EXERCISE:
Show every line below where "online" appears.

:::::

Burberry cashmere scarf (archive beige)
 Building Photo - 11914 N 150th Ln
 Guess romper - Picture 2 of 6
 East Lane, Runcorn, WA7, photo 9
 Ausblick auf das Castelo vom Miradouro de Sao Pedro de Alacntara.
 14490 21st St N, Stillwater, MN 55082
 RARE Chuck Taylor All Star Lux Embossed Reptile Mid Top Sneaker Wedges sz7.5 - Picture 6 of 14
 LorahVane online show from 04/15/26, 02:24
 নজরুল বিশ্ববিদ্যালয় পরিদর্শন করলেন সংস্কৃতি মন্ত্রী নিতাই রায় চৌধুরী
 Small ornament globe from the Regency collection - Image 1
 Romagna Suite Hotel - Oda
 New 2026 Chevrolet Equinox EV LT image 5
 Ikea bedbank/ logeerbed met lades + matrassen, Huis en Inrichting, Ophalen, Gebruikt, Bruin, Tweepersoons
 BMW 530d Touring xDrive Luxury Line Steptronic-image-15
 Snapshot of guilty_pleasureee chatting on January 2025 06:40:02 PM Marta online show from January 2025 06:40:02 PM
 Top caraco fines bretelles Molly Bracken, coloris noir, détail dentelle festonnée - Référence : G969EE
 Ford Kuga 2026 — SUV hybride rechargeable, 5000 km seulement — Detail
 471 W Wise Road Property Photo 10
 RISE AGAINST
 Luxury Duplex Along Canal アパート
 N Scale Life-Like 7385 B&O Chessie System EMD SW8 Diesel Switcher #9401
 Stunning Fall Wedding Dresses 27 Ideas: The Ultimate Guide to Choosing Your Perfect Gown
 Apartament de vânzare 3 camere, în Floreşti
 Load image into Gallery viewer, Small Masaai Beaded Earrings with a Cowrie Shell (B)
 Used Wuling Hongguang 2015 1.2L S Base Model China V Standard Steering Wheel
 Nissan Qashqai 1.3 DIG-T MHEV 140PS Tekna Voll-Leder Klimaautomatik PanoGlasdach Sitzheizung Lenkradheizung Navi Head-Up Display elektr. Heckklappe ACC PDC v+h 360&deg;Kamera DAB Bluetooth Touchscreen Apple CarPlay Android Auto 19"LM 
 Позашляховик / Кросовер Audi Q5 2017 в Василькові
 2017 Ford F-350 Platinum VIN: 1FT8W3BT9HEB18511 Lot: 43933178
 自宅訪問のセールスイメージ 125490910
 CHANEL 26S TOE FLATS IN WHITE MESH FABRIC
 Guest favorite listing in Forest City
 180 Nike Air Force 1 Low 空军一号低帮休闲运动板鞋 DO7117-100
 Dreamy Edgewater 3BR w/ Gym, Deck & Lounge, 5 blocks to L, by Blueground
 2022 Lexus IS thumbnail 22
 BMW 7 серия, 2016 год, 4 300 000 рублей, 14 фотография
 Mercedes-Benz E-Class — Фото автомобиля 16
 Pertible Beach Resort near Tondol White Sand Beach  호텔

:::::

REPLY:
 LorahVane online show from 04/15/26, 02:24
 Snapshot of guilty_pleasureee chatting on January 2025 06:40:02 PM Marta online show from January 2025 06:40:02 PM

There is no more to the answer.